The main storyline follows Csorwe and Belthandros Sethennai – (yes, I agree, that is one doozy of a great name)on a mission to find an ancient artifact, one that will somehow help the wise, and fatherly Belthandros regain his place of power in the world. As likeable as he is at times, it’s hard to not feel like his motives for this magical relic are not as wholesome and straightforward as thought to be.
There follows exciting magical confrontations along the way, another character Csorwe loves to hate, and a deeper part of the story comes into play upon Csorwe’s meeting of Qanwa Shuthmili, referred to as just Shuthmili. Shuthmili has a lot of things in common with Csorwe, she is also living her life for a bigger purpose, and will give her life to help protect the city and people she was born unto. They are great together, and their interactions add a human layer to a very fantastical world, they are the all important cheese to a delicious seven layer dip..(ok, horrible metaphor. But you get it.)

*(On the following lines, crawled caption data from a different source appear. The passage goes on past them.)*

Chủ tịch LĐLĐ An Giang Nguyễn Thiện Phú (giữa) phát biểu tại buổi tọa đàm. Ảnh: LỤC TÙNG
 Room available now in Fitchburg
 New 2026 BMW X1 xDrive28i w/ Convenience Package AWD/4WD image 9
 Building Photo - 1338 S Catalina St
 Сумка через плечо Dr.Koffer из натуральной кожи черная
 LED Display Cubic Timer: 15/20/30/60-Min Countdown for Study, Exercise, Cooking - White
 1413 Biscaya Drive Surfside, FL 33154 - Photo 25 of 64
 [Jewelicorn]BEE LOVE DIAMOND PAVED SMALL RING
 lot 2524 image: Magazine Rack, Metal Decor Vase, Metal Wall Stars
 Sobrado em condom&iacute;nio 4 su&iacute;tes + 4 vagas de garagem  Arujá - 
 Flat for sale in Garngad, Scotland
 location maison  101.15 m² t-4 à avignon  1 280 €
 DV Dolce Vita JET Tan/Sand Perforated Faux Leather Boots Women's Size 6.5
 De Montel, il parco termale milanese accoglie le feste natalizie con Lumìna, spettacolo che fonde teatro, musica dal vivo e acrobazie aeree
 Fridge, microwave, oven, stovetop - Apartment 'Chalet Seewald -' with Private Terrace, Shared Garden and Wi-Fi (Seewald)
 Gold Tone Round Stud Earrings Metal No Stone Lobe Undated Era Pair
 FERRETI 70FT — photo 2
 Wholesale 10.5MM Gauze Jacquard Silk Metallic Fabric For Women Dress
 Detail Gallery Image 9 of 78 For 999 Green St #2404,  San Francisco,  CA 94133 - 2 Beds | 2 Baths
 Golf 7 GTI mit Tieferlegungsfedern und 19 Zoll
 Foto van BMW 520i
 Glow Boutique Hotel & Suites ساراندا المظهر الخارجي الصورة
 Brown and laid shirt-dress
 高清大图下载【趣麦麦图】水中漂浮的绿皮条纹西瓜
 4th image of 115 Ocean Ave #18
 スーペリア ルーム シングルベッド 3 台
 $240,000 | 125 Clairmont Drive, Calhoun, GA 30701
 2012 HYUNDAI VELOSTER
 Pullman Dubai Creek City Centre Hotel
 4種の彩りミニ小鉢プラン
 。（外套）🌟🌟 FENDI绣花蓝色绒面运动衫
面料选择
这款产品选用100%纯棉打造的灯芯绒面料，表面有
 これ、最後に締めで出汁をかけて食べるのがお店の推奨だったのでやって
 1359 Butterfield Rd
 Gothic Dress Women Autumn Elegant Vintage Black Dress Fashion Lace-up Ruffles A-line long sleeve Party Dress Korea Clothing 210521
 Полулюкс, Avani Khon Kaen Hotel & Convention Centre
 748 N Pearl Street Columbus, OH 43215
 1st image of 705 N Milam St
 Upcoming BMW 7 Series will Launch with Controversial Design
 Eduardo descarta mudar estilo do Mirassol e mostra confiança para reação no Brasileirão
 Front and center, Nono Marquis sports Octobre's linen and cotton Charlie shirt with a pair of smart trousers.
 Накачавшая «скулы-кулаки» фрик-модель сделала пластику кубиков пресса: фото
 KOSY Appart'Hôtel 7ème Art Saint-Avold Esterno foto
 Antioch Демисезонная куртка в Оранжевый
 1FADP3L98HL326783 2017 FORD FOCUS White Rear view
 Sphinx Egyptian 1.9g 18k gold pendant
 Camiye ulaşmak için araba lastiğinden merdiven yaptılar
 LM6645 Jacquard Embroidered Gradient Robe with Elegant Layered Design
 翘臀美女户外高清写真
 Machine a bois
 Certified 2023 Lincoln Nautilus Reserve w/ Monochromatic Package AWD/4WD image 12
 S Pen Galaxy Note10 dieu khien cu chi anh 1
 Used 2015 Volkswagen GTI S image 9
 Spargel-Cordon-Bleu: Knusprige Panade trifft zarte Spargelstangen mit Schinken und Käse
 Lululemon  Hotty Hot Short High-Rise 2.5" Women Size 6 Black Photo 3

There are twists, and things wrap up very well and in a way that satisfies, yet, it still makes book two a certainty, and something to really look forward to. It is such a masterful, and well thought out magical world, and it’s clear the A.K. Larkwood has poured out her incredible talents and imagination into these pages and I freakin’ loved it.
Also, I had the audiobook and was in love with narrator Avita Jay. Well done and fantastic work, which added to the story all the way.
4.75 out of 5 stars and Highly recommend.
Thanks for your time in reading this and hope to continue with another review in next 2 or 3 days.